[Opening Information given section]
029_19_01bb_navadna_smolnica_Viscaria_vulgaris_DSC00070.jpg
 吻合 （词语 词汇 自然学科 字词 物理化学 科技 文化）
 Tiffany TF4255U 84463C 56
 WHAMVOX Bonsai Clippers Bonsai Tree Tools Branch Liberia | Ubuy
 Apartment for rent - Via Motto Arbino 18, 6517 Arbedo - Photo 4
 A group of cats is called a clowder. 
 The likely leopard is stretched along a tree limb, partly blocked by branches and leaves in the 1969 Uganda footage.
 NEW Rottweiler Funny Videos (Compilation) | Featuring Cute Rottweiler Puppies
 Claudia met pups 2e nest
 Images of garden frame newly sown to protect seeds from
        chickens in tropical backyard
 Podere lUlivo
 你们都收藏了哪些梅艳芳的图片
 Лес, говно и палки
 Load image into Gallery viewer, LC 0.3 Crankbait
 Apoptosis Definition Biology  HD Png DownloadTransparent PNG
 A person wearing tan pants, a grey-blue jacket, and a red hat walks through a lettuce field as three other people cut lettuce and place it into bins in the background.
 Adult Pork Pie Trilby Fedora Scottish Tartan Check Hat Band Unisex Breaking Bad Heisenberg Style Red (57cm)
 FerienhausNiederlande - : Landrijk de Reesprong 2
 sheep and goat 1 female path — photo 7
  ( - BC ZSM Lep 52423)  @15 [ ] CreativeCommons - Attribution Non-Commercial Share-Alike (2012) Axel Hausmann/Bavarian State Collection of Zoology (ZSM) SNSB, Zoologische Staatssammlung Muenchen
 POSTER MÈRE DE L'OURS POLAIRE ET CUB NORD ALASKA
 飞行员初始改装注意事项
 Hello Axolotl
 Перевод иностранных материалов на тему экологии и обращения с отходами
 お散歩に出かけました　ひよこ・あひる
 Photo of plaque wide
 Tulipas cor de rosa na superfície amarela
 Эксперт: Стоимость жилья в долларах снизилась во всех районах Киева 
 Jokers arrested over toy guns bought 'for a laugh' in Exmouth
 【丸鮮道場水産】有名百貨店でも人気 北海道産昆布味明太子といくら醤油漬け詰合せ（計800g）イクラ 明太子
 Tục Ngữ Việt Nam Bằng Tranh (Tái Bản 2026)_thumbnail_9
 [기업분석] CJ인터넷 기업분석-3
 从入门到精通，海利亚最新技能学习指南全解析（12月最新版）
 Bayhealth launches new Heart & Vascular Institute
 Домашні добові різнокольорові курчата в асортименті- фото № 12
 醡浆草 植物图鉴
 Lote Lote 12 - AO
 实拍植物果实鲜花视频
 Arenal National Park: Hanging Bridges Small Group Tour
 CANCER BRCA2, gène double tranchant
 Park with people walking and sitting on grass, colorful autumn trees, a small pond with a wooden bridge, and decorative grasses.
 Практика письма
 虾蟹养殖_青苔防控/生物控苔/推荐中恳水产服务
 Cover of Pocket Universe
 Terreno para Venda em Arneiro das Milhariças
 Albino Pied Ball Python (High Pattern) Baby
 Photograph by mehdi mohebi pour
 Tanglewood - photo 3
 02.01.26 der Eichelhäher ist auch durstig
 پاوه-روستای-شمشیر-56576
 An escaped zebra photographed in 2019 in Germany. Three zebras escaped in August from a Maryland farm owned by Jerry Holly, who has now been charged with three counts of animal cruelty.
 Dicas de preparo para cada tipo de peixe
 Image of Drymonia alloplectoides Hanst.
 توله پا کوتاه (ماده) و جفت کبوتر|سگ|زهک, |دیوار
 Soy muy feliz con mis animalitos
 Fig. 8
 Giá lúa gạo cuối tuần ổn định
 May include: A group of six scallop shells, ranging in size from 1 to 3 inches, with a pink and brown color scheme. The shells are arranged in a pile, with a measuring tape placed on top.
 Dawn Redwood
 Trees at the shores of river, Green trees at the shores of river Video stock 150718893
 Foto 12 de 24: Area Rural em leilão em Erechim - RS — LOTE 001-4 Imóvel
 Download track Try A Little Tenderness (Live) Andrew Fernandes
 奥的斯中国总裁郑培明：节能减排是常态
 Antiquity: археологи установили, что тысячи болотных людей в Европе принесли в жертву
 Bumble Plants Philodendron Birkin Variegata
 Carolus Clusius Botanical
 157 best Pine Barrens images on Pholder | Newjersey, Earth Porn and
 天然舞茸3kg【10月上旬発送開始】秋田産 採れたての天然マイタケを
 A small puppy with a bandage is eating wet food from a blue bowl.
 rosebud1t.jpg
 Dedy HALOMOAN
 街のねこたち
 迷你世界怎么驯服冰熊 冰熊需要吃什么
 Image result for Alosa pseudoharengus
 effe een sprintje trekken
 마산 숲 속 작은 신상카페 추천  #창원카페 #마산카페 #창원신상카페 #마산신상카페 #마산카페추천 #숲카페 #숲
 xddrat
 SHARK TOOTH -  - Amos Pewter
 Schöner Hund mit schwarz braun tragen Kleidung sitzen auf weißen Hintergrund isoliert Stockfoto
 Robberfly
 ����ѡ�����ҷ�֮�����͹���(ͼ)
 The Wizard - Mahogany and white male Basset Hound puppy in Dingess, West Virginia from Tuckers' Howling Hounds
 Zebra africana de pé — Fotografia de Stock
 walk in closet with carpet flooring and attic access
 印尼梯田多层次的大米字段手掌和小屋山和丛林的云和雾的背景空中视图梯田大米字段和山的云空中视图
[Closing Information given section]
#### Problem statement:
Your answer consists solely of the lines from the top of the records above through the line that contains "sheep and goat 1 female path — photo 7", each echoed exactly.

#### Written solution:
029_19_01bb_navadna_smolnica_Viscaria_vulgaris_DSC00070.jpg
 吻合 （词语 词汇 自然学科 字词 物理化学 科技 文化）
 Tiffany TF4255U 84463C 56
 WHAMVOX Bonsai Clippers Bonsai Tree Tools Branch Liberia | Ubuy
 Apartment for rent - Via Motto Arbino 18, 6517 Arbedo - Photo 4
 A group of cats is called a clowder. 
 The likely leopard is stretched along a tree limb, partly blocked by branches and leaves in the 1969 Uganda footage.
 NEW Rottweiler Funny Videos (Compilation) | Featuring Cute Rottweiler Puppies
 Claudia met pups 2e nest
 Images of garden frame newly sown to protect seeds from
        chickens in tropical backyard
 Podere lUlivo
 你们都收藏了哪些梅艳芳的图片
 Лес, говно и палки
 Load image into Gallery viewer, LC 0.3 Crankbait
 Apoptosis Definition Biology  HD Png DownloadTransparent PNG
 A person wearing tan pants, a grey-blue jacket, and a red hat walks through a lettuce field as three other people cut lettuce and place it into bins in the background.
 Adult Pork Pie Trilby Fedora Scottish Tartan Check Hat Band Unisex Breaking Bad Heisenberg Style Red (57cm)
 FerienhausNiederlande - : Landrijk de Reesprong 2
 sheep and goat 1 female path — photo 7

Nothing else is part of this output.